# Safety pins and beads patterns?



## miclew (Oct 13, 2004)

I am not talking about those little flag pin things people make. I am talking about something I saw in a catalog that was cute. One thing was a little candy basket and the other was a little lamp. These were made with safety pins and beads.

michele


----------



## Simpler Times (Nov 4, 2002)

Here is a different one that could be modified to be either a basket or a lamp. It's a start anyway!

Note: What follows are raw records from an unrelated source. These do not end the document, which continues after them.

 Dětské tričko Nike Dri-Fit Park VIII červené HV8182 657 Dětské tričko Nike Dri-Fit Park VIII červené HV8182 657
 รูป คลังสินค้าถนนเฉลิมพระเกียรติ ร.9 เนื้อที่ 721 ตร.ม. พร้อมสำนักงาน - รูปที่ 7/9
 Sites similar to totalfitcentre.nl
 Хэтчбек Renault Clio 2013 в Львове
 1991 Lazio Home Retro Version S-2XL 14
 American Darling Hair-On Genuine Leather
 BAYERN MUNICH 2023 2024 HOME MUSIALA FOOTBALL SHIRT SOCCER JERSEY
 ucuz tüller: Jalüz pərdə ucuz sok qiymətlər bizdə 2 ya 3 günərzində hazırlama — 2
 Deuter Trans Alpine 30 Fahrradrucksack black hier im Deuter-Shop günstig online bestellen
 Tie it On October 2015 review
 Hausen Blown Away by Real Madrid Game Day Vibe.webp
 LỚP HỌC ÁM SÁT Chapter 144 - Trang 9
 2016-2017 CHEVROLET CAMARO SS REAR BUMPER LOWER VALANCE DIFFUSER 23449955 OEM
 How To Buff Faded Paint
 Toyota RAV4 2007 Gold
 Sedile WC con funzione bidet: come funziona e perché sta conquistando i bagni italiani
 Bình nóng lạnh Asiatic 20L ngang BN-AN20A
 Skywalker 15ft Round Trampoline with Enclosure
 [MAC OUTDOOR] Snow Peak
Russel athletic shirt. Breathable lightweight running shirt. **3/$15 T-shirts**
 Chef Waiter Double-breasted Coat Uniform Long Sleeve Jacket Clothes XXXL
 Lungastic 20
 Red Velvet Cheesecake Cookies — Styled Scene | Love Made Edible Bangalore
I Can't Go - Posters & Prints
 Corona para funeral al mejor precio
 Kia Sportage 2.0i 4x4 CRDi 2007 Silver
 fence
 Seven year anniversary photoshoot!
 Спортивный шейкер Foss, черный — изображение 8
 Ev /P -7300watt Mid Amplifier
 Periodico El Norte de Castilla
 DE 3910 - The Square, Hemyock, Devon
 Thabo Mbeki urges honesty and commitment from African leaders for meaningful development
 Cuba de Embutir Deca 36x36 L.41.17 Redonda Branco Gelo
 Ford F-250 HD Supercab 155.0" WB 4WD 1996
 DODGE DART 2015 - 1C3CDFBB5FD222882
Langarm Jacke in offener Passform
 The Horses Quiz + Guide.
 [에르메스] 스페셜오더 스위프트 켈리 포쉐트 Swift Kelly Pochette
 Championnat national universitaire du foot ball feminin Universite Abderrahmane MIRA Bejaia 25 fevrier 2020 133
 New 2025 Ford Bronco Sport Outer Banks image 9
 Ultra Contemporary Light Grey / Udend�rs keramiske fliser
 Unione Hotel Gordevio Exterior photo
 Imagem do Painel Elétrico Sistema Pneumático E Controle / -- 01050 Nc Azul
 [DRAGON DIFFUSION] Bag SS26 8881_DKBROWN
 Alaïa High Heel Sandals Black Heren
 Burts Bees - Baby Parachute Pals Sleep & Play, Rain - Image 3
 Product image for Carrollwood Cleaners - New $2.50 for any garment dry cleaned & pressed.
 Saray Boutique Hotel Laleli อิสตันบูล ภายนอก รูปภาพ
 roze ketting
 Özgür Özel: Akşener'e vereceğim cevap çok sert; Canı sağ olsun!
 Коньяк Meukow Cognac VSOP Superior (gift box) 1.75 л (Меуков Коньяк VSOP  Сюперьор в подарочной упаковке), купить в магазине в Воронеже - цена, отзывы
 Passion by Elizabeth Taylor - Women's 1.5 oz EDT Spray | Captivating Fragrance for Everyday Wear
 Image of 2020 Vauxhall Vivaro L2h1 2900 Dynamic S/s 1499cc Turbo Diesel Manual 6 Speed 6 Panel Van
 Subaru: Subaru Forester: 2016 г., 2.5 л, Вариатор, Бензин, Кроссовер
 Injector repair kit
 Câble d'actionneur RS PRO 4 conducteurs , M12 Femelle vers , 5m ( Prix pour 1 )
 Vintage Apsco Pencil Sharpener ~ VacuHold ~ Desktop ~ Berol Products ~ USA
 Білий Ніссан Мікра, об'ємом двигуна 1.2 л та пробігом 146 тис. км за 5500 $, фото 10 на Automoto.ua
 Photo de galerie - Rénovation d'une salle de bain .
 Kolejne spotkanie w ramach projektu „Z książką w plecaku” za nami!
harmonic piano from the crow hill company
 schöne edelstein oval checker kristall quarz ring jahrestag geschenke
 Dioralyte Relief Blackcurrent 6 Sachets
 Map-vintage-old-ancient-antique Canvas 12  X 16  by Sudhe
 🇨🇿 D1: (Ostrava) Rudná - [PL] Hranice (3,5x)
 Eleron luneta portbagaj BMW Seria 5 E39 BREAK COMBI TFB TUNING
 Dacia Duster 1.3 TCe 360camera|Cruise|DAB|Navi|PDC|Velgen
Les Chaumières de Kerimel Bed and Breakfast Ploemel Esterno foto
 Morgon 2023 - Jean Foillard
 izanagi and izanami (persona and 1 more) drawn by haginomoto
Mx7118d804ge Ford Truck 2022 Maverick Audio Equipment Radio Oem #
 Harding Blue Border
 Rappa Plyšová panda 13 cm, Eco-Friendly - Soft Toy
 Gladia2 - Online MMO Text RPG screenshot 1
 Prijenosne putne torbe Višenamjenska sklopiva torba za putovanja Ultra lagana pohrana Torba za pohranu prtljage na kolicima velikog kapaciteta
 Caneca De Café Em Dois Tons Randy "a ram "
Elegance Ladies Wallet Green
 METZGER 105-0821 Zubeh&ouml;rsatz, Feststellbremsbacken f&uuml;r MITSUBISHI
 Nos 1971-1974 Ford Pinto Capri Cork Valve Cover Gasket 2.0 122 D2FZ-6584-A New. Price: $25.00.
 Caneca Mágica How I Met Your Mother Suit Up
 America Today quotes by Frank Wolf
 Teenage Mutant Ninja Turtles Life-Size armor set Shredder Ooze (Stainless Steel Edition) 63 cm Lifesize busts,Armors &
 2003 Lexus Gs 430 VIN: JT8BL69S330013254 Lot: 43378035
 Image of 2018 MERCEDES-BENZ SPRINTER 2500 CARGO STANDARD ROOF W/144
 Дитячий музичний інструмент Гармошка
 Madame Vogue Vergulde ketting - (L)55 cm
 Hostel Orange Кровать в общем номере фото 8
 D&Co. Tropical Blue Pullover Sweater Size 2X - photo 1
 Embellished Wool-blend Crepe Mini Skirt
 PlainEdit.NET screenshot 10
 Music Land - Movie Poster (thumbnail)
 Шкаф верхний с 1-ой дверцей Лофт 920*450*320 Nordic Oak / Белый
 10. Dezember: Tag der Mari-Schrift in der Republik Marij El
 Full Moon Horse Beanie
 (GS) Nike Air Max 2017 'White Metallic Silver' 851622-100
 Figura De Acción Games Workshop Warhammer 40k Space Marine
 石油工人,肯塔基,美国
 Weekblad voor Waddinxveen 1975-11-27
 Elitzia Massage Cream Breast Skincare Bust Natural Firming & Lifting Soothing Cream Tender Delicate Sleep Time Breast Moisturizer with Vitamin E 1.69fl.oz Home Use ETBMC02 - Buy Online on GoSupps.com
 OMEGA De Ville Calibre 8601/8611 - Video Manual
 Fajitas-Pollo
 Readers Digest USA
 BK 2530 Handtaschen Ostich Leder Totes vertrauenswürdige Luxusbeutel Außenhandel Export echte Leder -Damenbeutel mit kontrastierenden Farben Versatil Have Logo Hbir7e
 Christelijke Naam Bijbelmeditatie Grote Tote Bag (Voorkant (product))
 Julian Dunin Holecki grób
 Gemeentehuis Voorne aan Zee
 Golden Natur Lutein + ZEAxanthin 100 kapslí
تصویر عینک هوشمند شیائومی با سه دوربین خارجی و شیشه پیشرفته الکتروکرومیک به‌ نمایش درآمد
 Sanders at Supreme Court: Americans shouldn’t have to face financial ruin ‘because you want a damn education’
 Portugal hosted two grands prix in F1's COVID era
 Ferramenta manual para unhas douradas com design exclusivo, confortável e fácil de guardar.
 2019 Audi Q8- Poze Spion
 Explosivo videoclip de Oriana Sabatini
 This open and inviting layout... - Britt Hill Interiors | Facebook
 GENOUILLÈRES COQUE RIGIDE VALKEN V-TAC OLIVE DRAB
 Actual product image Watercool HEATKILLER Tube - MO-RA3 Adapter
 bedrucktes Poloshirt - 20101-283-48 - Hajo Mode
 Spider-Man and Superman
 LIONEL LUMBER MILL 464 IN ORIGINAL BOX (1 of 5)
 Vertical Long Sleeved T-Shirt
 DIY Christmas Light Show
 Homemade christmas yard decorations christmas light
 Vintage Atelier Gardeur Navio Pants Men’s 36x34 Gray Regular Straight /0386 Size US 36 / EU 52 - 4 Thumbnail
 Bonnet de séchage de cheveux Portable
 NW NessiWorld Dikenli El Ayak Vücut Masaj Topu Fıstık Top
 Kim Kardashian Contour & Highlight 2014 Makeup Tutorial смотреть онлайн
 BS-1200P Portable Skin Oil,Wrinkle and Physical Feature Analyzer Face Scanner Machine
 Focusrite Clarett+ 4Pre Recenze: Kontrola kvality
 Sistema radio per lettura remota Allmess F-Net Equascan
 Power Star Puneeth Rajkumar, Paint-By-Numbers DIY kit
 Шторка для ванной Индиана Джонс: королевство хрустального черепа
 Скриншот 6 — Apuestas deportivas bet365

http://www.makingfriends.com/scouts/bs_candle_saftypin.htm


----------



## Wisconsin Ann (Feb 27, 2007)

couple of sites to check out:
this one has a LOT of designs...scroll down to get past the little "flag" things
















http://www.makingfriends.com/safety_pin_projects.htm
This one is for a nightlite 








http://www.azcentral.com/home/crafty/articles/0108craftyideas08.html 

http://www.artcove.com/Beaddoll/Largebeaddoll/Instr/largedoll.htm


----------



## miclew (Oct 13, 2004)

That is the sort of thing I am looking for! Thanks so much


----------



## Jan in CO (May 10, 2002)

I'm working on a Christmas tree made from beads and pins. It's a commercial kit, but I could copy the instructions and email them if it would help. Jan in Co


----------